What is it, I wonder, that brings tens of thousands of New Zealanders out, even in the cold and the rain, to attend often outdoor ceremonies in which they ostensibly simply pay tribute to the fallen in two world wars and other conflicts in which our servicemen fought?
There has to be more than that to it, and I am increasingly persuaded that it is a desire on the part of many, particularly the young, to find the sort of anchor that only pride in one's country, its people and its history - nationalism, if you like - can confer.
I suspect there were more people at Anzac Day services on Monday than there were at church services on Good Friday or Easter Sunday, and that alone could provide a clue to the popularity of this annual commemoration.
As Anthony Hubbard put it in a column in the Sunday Star-Times at the weekend, organised religion has been on a long slide in New Zealand and the churches have waned as a public presence.
"Nationalism," he wrote, "supplies some of the needs traditionally met by religion, a sense of continuity, of identity, of belonging to a larger cause, of comfort, of history and purpose ..."
I quote him here simply because I was thinking very much along those same lines and, quite frankly, couldn't have put it better myself. The ceremonies of Anzac Day have become, as one Rotorua Catholic priest puts it, for many a secular liturgy.
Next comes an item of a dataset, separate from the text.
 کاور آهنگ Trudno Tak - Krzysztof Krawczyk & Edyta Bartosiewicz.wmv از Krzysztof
Certainly, were any of the fallen of the world wars to pay a visit to New Zealand in the 21st century, one of the things he would notice would be the very small number of children who attend Sunday School - one of the great tragedies of our age.
Back in his day most Kiwi kids were taken or sent to Sunday School, even if only to give their parents a bit of time to themselves. And there they received a grounding in that sense of duty to their fellow man, of nationhood and belonging which propelled them to the recruiting offices because they felt the call to fight "for God, for King and for Country".
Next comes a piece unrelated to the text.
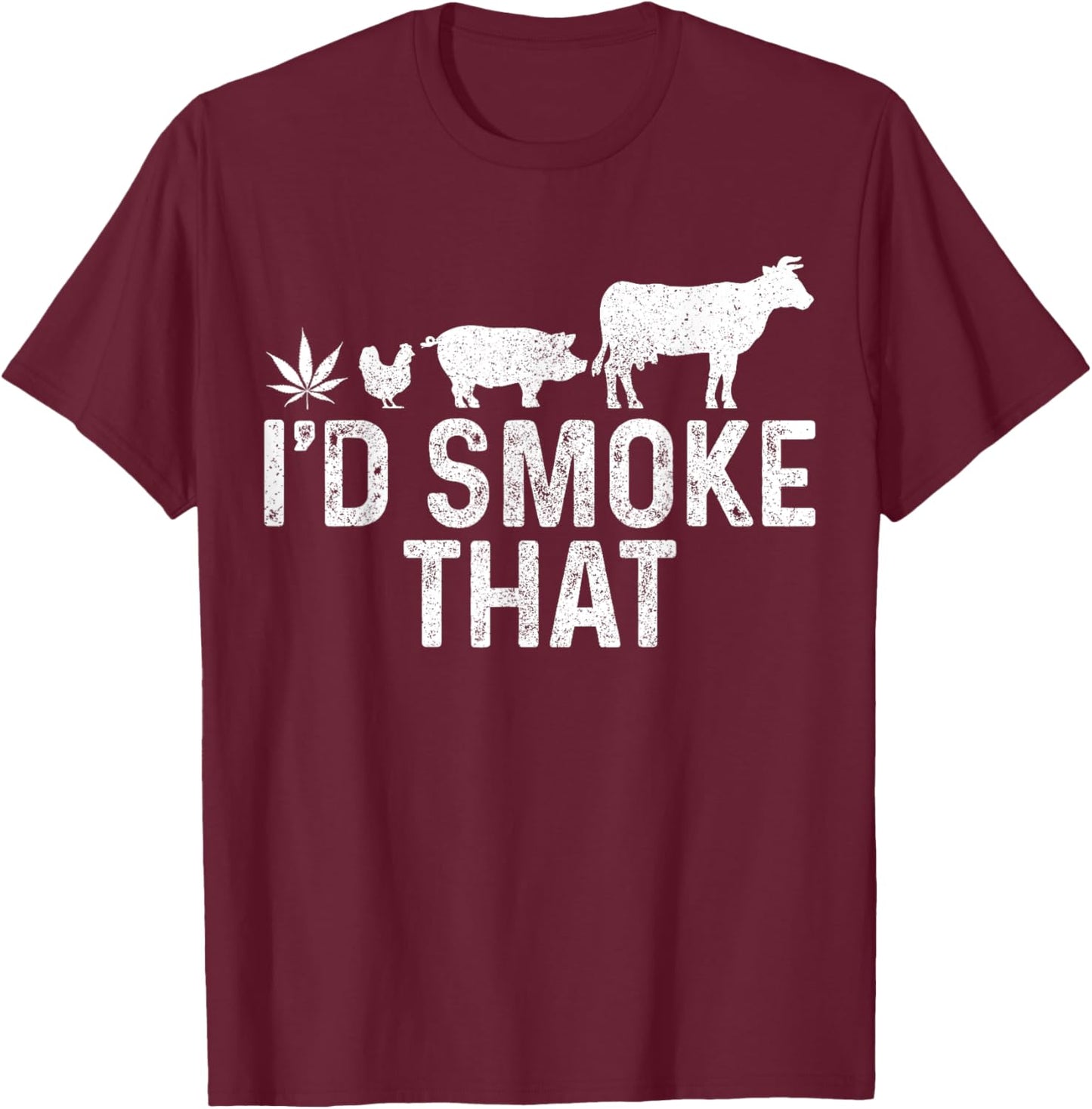 Cannabis I'd Smoke That BBQ Grilling Smoking Marijuana Weed T-Shirt - T-Shirt | Maroon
It is sad, in a way, that so many have come to depend on the commemoration of Anzac Day to provide, especially for the young, a sense of where they as New Zealanders have come from, what happened and where they are now.
But what else do we have to give a sense of nationalism, of uniqueness, of patriotism? Certainly not Waitangi Day, which always seems to do little but emphasise the divisions that exist between Maori and Pakeha, the gravest and seemingly most insuperable, endless conflict of our time.
Anzac Day, on the other hand, is totally non-partisan. It is something our two races celebrate while standing together, just as our ancestors fought - and died - together in defence of freedom. It is, indeed, an example of how things should always be between us.
Our success at certain sports - rugby, yachting - doesn't cut it. They are trivial pursuits and our victories but transient causes for celebration. In a world rapidly getting smaller they do nothing to reinforce our sense of national uniqueness.
There are those who have for some years said that Anzac Day is truly our only national day - and they are right. Any attempt, however, to try to "improve" it should be mightily resisted.
There are no Gallipoli veterans left; soon there will be no World War II veterans left. But there will, thank God, always be those who have served or are serving their country in uniform in faraway places and at home to carry on the tradition left to them by those who went before.
One of the most engaging images of Monday's ceremonies was Stephen Parker's picture in our local Rotorua Daily Post of lovely 3-year-old twins Emma and Lucy Powell, bedecked across the front of their hooded rain jackets with medals.
Lucy wore the medals awarded to her father for service with the air force in New Guinea and East Timor at the turn of the millennium; and Emma wore her grandfather's medals earned in World War II.
These two tots have been taken by their father to Anzac services since the year they were born and I rejoice that the future of Anzac Day is secure in the hearts, minds and hands of such as these.
Before I finish I must pay tribute to Maori Television for its peerless Anzac Day programming, from early morning until well into the night. As usual, it was a signal lesson in what public television ought to be.